2. Legal & Regulatory
- Litigation and Legal Liabilities – risks related to litigation/ lawsuits against the company.
- Regulation – risks related to compliance, GDPR, and new legislation.
- Environmental / Social – risks related to environmental regulation and to data privacy.
- Taxation & Government Incentives – risks related to taxation and changes in government incentives.
3. Production
- Costs – risks related to costs of production including commodity prices, future contracts, inventory.
- Supply Chain – risks related to the company’s suppliers.
- Manufacturing – risks related to the company’s manufacturing process including product quality and product recalls.
- Human Capital – risks related to recruitment, training and retention of key employees, employee relationships & unions labor disputes, pension, and post retirement benefits, medical, health and welfare benefits, employee misconduct, employee litigation.
4. Technology & Innovation
- Innovation / R&D – risks related to innovation and new product development.
- Technology – risks related to the company’s reliance on technology.
- Cyber Security – risks related to securing the company’s digital assets and from cyber attacks.
- Trade Secrets & Patents – risks related to the company’s ability to protect its intellectual property and to infringement claims against the company as well as piracy and unlicensed copying.
5. Ability to Sell
- Demand – risks related to the demand of the company’s goods and services including seasonality, reliance on key customers.
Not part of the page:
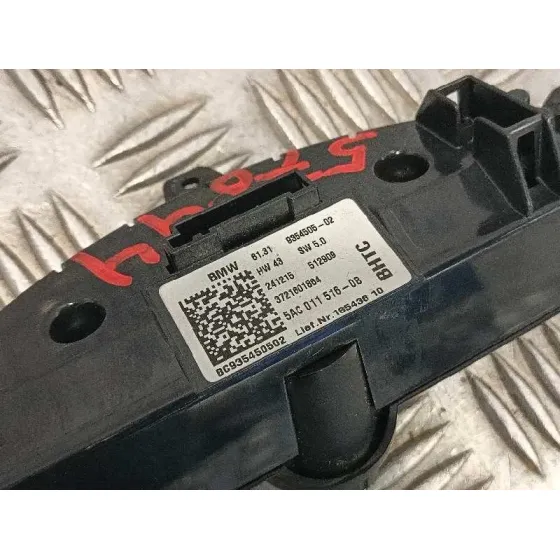 Mando Multifuncion para Bmw Mini (F56)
- Competition – risks related to the company’s competition including substitutes.
- Sales & Marketing – risks related to sales, marketing, and distribution channels, pricing, and market penetration.
- Brand & Reputation – risks related to the company’s brand and reputation.
6. Macro & Political
- Economy & Political Environment – risks related to changes in economic and political conditions.
- Natural and Human Disruptions – risks related to catastrophes, floods, storms, terror, earthquakes, coronavirus pandemic/COVID-19.
- International Operations – risks related to the global nature of the company.
- Capital Markets – risks related to exchange rates and trade, cryptocurrency.